徐溯也喝醉了。他紅著臉,鼓起勇氣跟夥計們說了那個雨夜在山洞裡發生的怪事。可大家都醉倒了,沒有人在聽,沒有人關心他的愛情。麻杆死了。只有醉醺醺的劉千萬拍著他的肩——那力道似要把徐溯一掌拍散——說那有什麽稀罕的,不過是哪個村裡的寡婦打聽到山洞裡有個雛兒兵,想破了他的童子功而已。徐溯難得有點生氣,他掏出口袋裡的青色手帕,正要跟他證明確有其事,可就連劉千萬也醉倒了。他將青色手帕對折兩次,小心放回褲袋裡,拄著拐杖起身去解手。就在他站起來的時候,他瞄到了右手倒數第二棟房子後面有個人在偷偷看著他。是那個啞巴姑娘。

 

有個可怕的念想登時湧上徐溯的心頭。酒氣罩得他站都站不穩,他直勾勾望著屋子後面的啞巴姑娘,右手指了指河邊的染坊,一拐一拐地朝往河邊走去。那啞巴姑娘仍愣在原地,一會兒,竟像中了邪似的跟著徐溯一路走著,仿佛他是個冥府的領路人,將她的魂魄給勾了去。她像個鬼魂一樣跟著徐溯飄過土台;飄過榕樹;飄過麻杆剛被描上紅字的墳;沾上村裡唯一用鵝卵石鋪的小路;繞過彎彎曲曲的時間與河流;撥開一片片青色的藏青色的染布;最後,他拉開了她自家穀倉的門。

 

姑娘走了進來,徐溯聽見自己全身的骨頭嘎嘎作響。他逼近那姑娘跟前,左側拄著拐,右手不容拒絕地搭在她的右肩上,憑著一股巨大的慣性緩緩將她推到草垛裡。他能感到啞巴姑娘的全身正在戰栗。

 

“是你嗎?”徐溯問道。話一出口,他頓時酒醒了一大半。

 

姑娘顫抖地望著他的眼睛,並不說話,只是用發抖的雙手解開自己的上衣扣子,胸前露出白皙的一塊。

 

這回換徐溯愣在了原地。他驚訝於自己的身體裡蘊藏著如此暴虐的種子,可分不清是勇氣還是欲望。他緊緊抱住了眼前的姑娘,勒得她透不過氣。
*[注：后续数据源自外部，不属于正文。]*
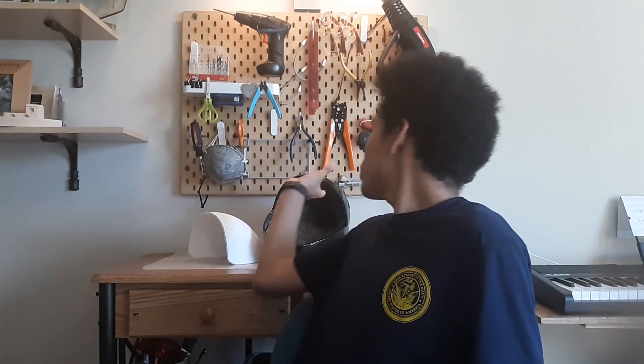Hello everyone, welcome back to the channel. We're working on the SpaceX helmet. Now, I have most of it finished behind me, but we'll get back to that in a second.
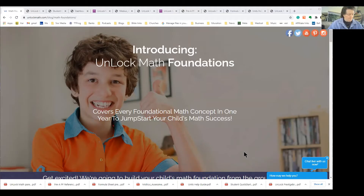Unlock Math Foundations. The point of this program was to come up with a curriculum that would help students who are behind for whatever reason. They may be struggling, they might have some learning disabilities, they might have some challenges. The developers decided to do a fast track program where you could put kids in even if they're in sixth through ninth grade and they can get caught up in math skills they seem to be struggling with or not quite sure about.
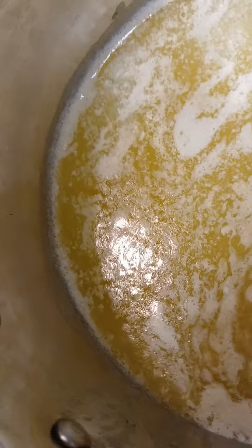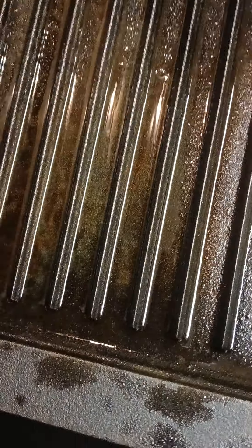My grill is getting nice and hot. I don't know if you can see the smoke coming off of it, so I'm gonna add my steaks down sideways. I'm gonna show you how I'm doing this.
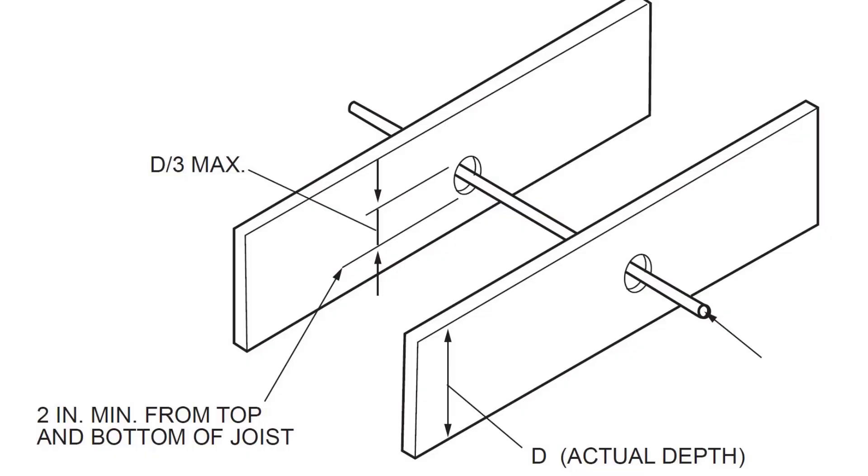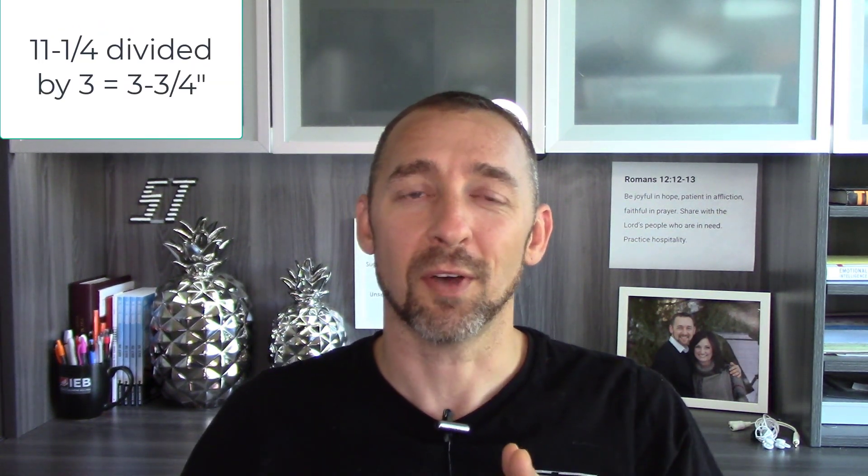If joists were full dimension — if a 2x12 was really 12 inches — the math would be really simple. We would just take 1/3 of it, which would be 4 inches, and say maximum of a 4-inch hole. Unfortunately, it's not a full 2x12. A 2x12 is actually 11 and 1/4 inches. So if we divide 11 and 1/4 by 3, we get 3 and 3/4 inches. That's the maximum size hole you can have in a 2x12. Whatever the joist size, the max is 1/3 the joist depth.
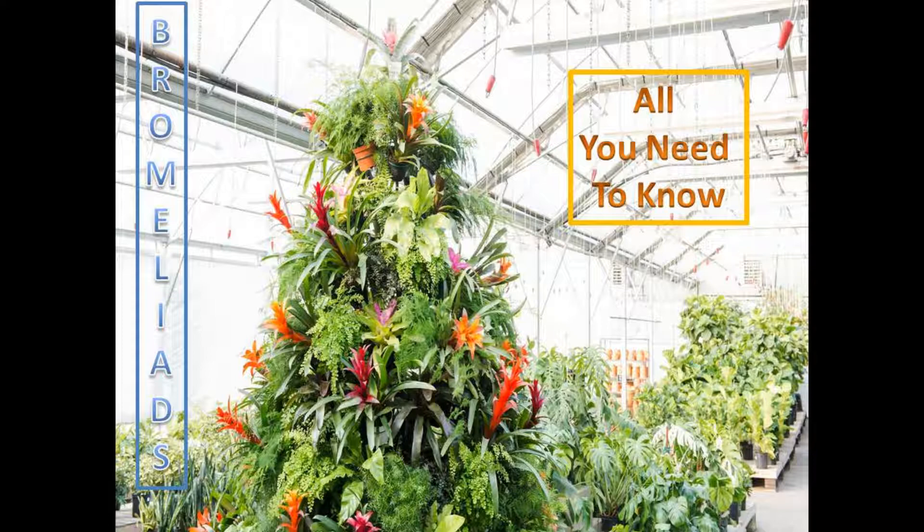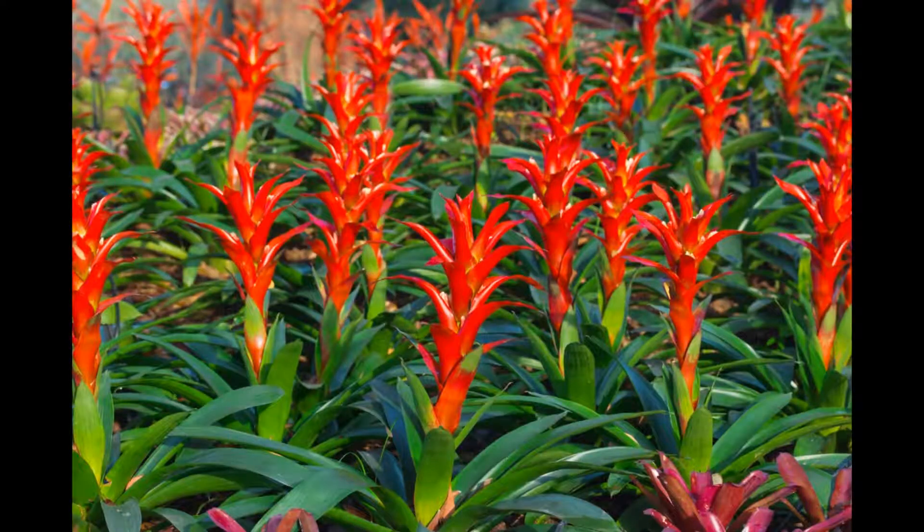It is interesting that the original Bromeliad was not so very different from the varieties you find at the florists in town centers today, so you are taking home with you a piece of natural history, all dressed in the latest fashion. Perhaps you picked one up for yourself, or received one as a gift. Either way, it is important to know how to care for these fascinating plants, so they may provide enjoyment for years to come.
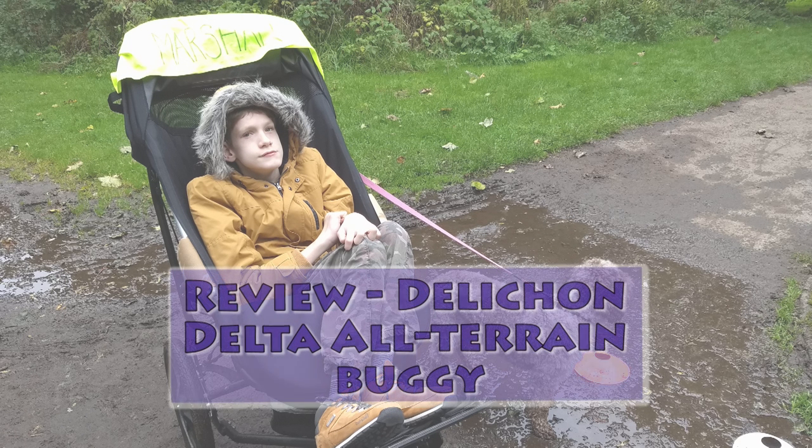This is a review of the Delta Three-Wheeler All-Terrain Buggy made by Delicon. Just so you know, this is an independent review of our own buggy. I've not been offered or given anything in return for the review.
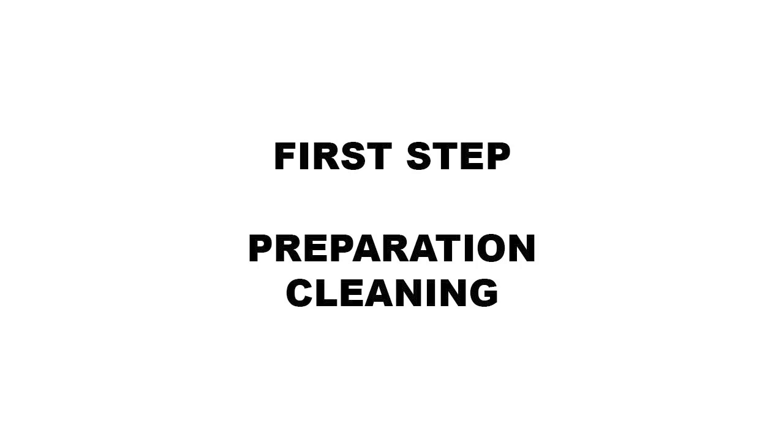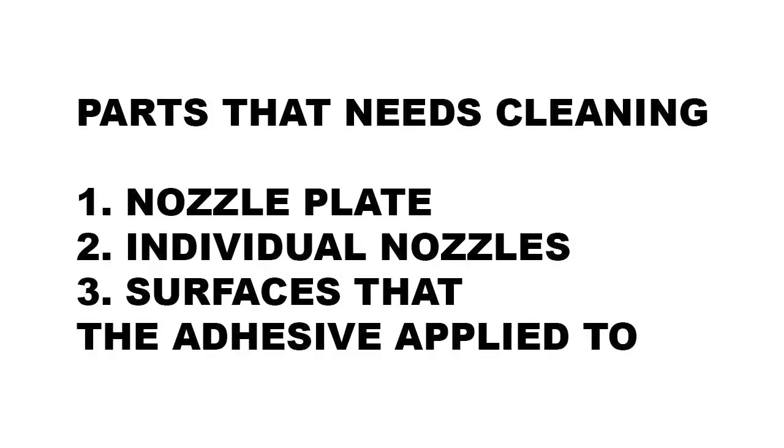Let's go to the first step — preparation. Preparation is very important; this part is way more important than the bonding itself. Without proper preparation, you cannot repair a print head. The first preparation step is cleaning the print head. We need to understand and determine which parts need cleaning: the nozzle plate, individual nozzles, and the surfaces that the adhesive will be applied to.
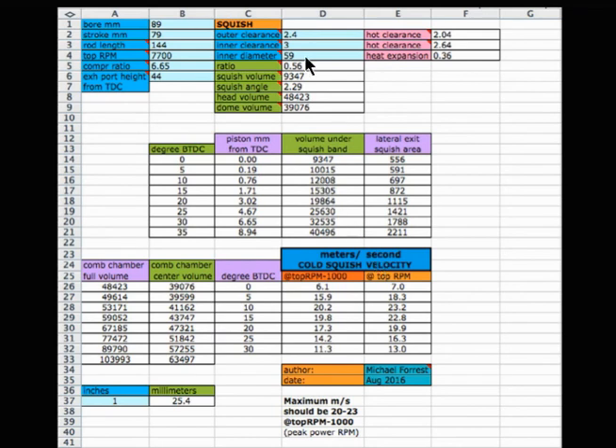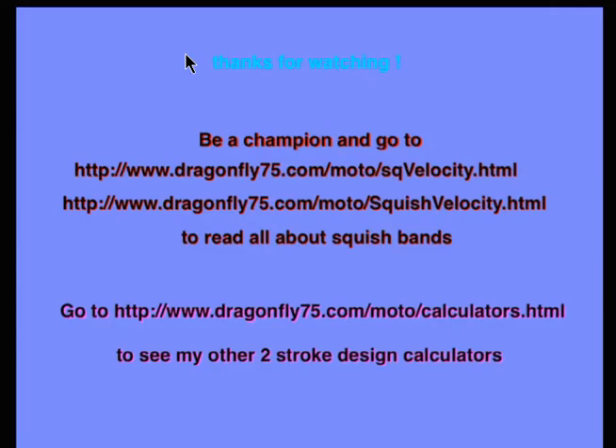Those values you put in here: inner clearance here, outer clearance here in millimeters, inner diameter of the squish — which is the outer diameter of the combustion dome — the compression ratio, the exhaust port height from where the piston is at TDC to the top of the port to the top edge of the piston. You put all those in, and the top RPM being the end of the power band, and it'll show you exactly.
他聞到她的身上有一股股淡淡的香味,像是剛用皂莢洗過頭髮。

 

姑娘被徐溯勒得不知所措,和夜晚的星星一起被死死釘在了原地。她望了望徐溯稚嫩的臉龐,在慌亂中繼續解上衣的扣子。徐溯突然松開雙臂,將左手蓋在她解扣子的指尖上,製止了她。

 

“對不起。”徐溯對她說,“對不起。我錯了。我走了。”

 

啞巴姑娘還陷在草垛裡,睜睜望著眼前的戰士背過身,打開了穀倉的木門。他不協調的背影消失在夜色之中。她想叫喊,朝著他叫喊些什麽。可她做不到。